Question

If the vectors $ai+j+k,i+bj+k,i+j+ck(a,b,c\ne 1)$ are coplanar, then the value of $\frac{1}{1-a}+\frac{1}{1-b}+\frac{1}{1-c}$ is?

• A. $-1$
• B. $0$
• C. $1$
• D. $\frac{1}{3}$

Answer 1

The correct option is C

$1$

Explanation for the correct option :

Find the value of $\frac{1}{1-a}+\frac{1}{1-b}+\frac{1}{1-c}$,

As the vectors $ai+j+k,i+bj+k,i+j+ck$ are coplanar, so $\left[ai+j+ki+bj+ki+j+ck\right]=0$ and thus:

$\left|\begin{array}{ccc}a& 1& 1\\ 1& b& 1\\ 1& 1& c\end{array}\right|=0$

Now, in the determinant perform transformations $C_1\to C_1-C_2$ and $C_2\to C_2-C_3$.

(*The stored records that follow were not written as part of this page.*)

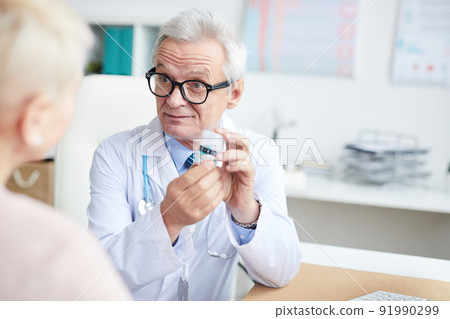 Content senior physician in eyeglasses frowning forehead while prescribing pills to patient at consultation 91990299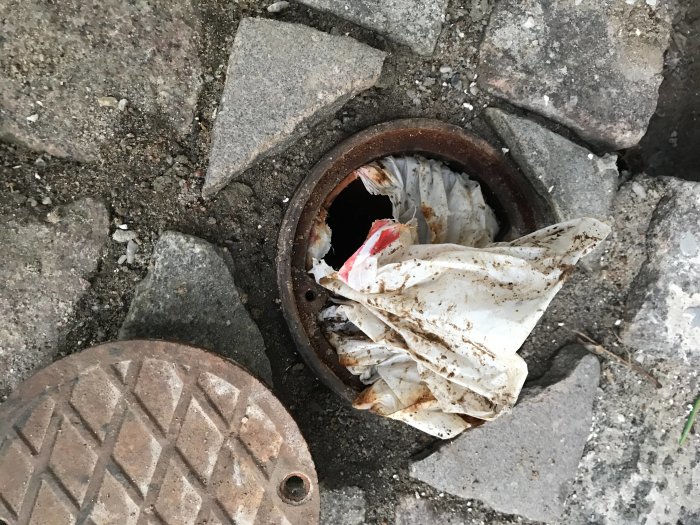 Öppet lock på dränering med keramik-kruka, stenar och trasig plast synlig.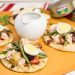 3 mini naan breads topped with grilled Niçoise salad ingredients along with a pitcher of vinaigrette and tuna cans in the background.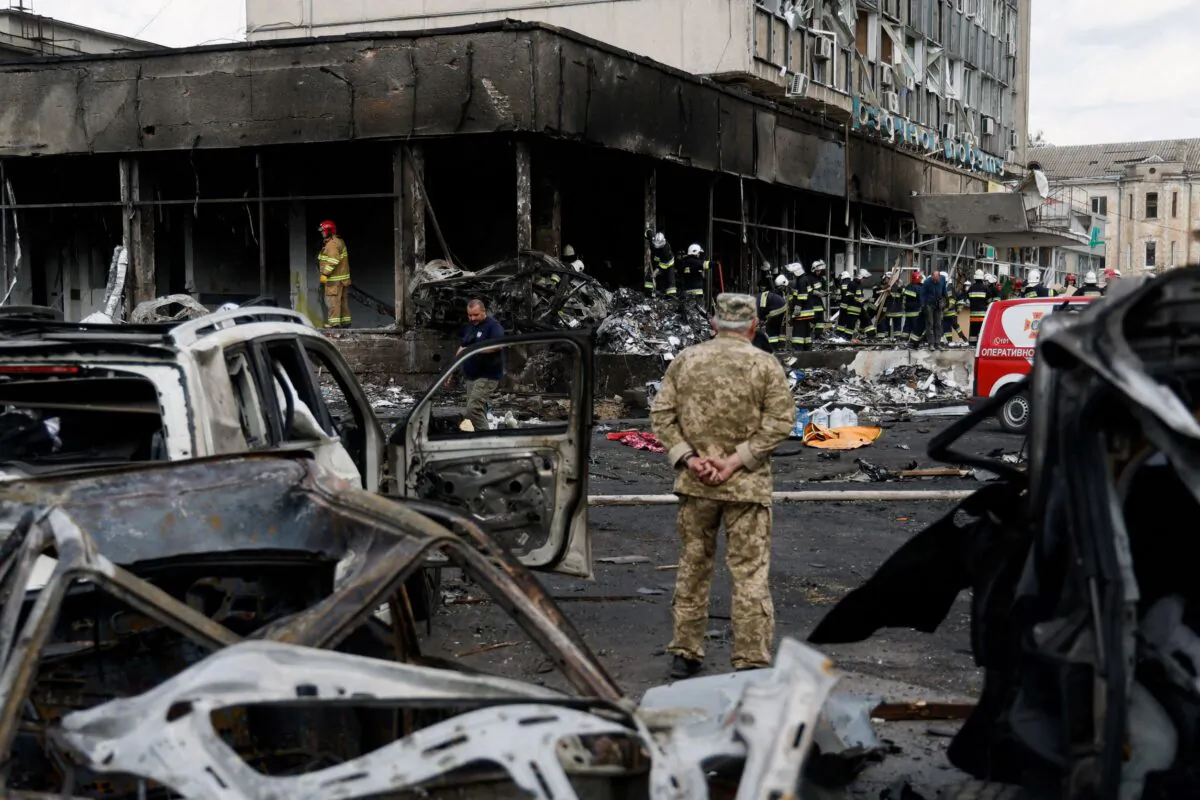 Emergency services work next to a damaged building at the site of a Russian military strike in Vinnytsia, Ukraine, on July 14, 2022. (Valentyn Ogirenko/Reuters)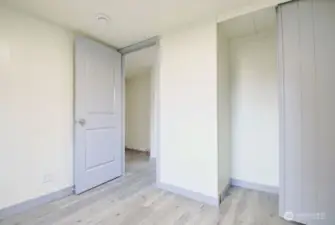 View from bedroom looking towards the hallway. View of closet.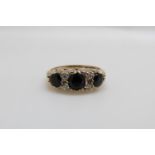 A 9ct gold ring set with sapphires (size M)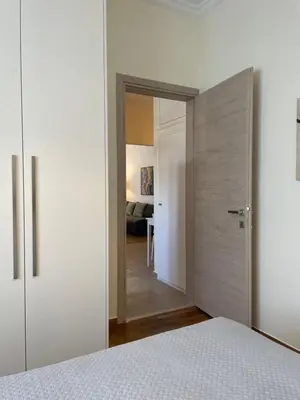 a bedroom with a bed and a door leading into a room at Koukaki lovely stay in Athens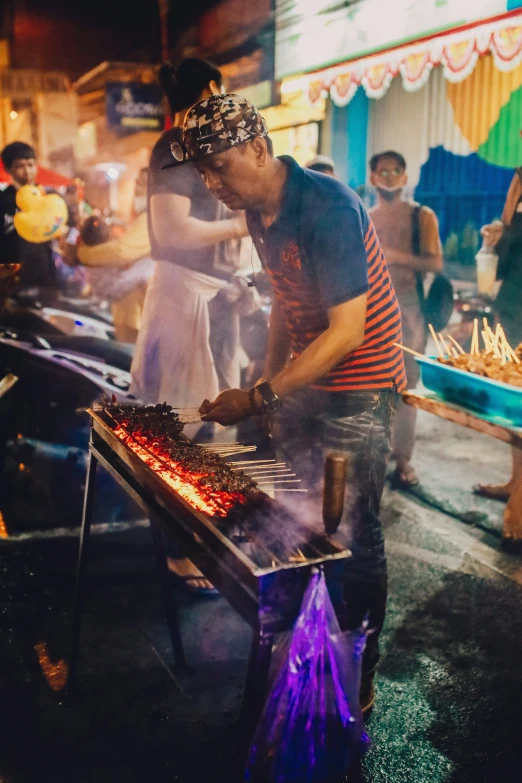 a person that is grilling on a grill with various foods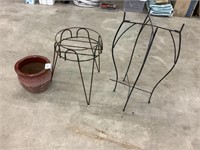 Two plant stands and one ceramic planter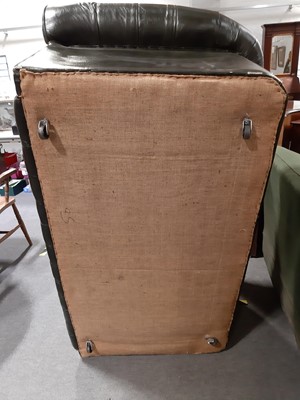 Lot 411 - A modern two-seater leather settee in the Chesterfield style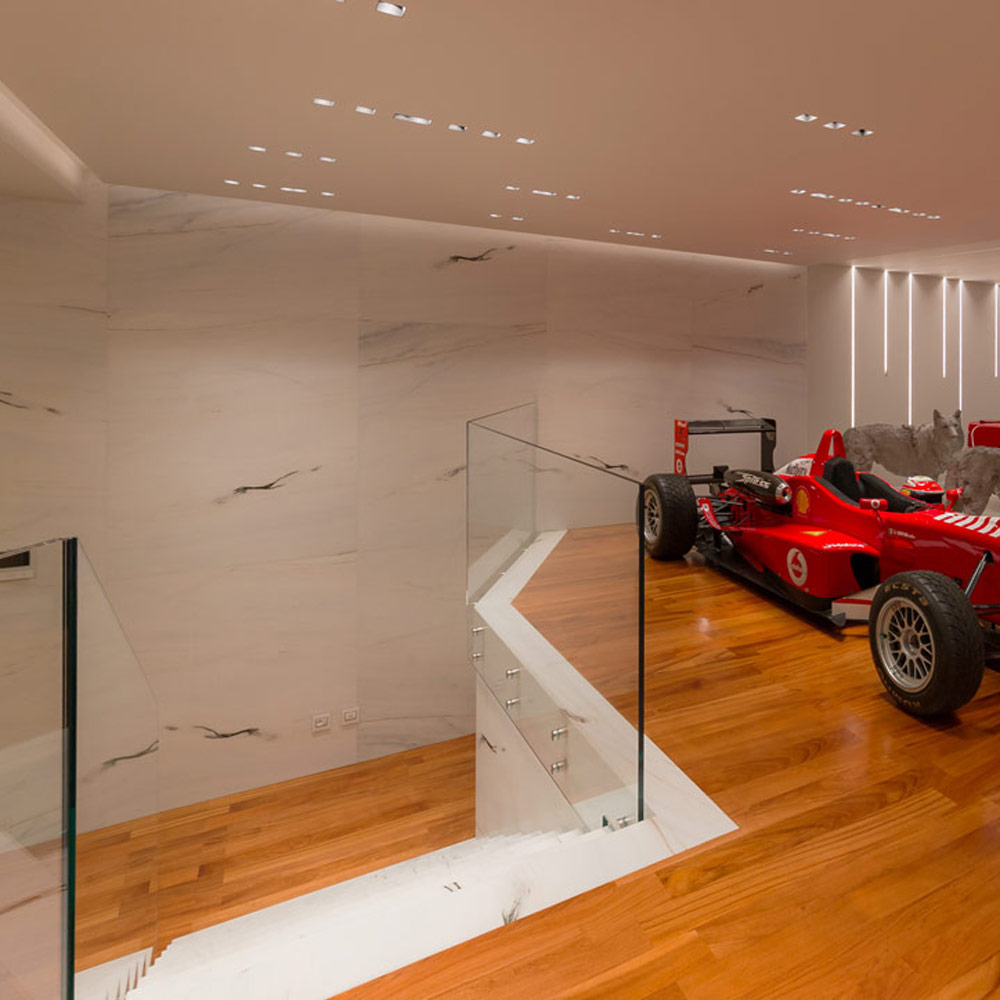 The Elegance of the Garage in a Fusion of Collecting and Modern Interior Design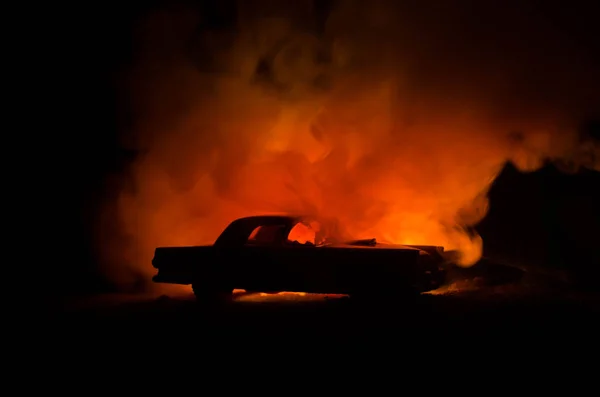 Brinnande bil på en mörk bakgrund. Bilen fattar eld, efter lagen av vandalism eller road indicent — Stockfoto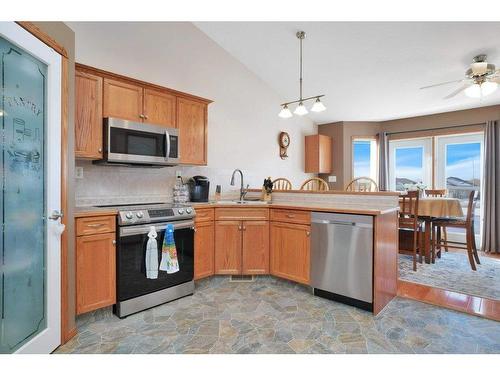 4851 56 Avenue, Innisfail, AB - Indoor Photo Showing Kitchen With Double Sink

$\left|\begin{array}{ccc}a-1& 0& 1\\ 1-b& b-1& 1\\ 0& 1-c& c\end{array}\right|=0$

Expand the determinant.

$\begin{array}{rcl}\left(a-1\right)\left[c\left(b-1\right)-\left(1-c\right)\right]-0+1\left[\left(1-b\right)\left(1-c\right)-0\right]& =& 0\\ c\left(a-1\right)\left(b-1\right)-\left(a-1\right)\left(1-c\right)+\left(1-b\right)\left(1-c\right)& =& 0\\ c\left(1-a\right)\left(1-b\right)+\left(1-a\right)\left(1-c\right)+\left(1-b\right)\left(1-c\right)& =& 0\end{array}$

Divide both sides by $\left(1-a\right)\left(1-b\right)\left(1-c\right)$.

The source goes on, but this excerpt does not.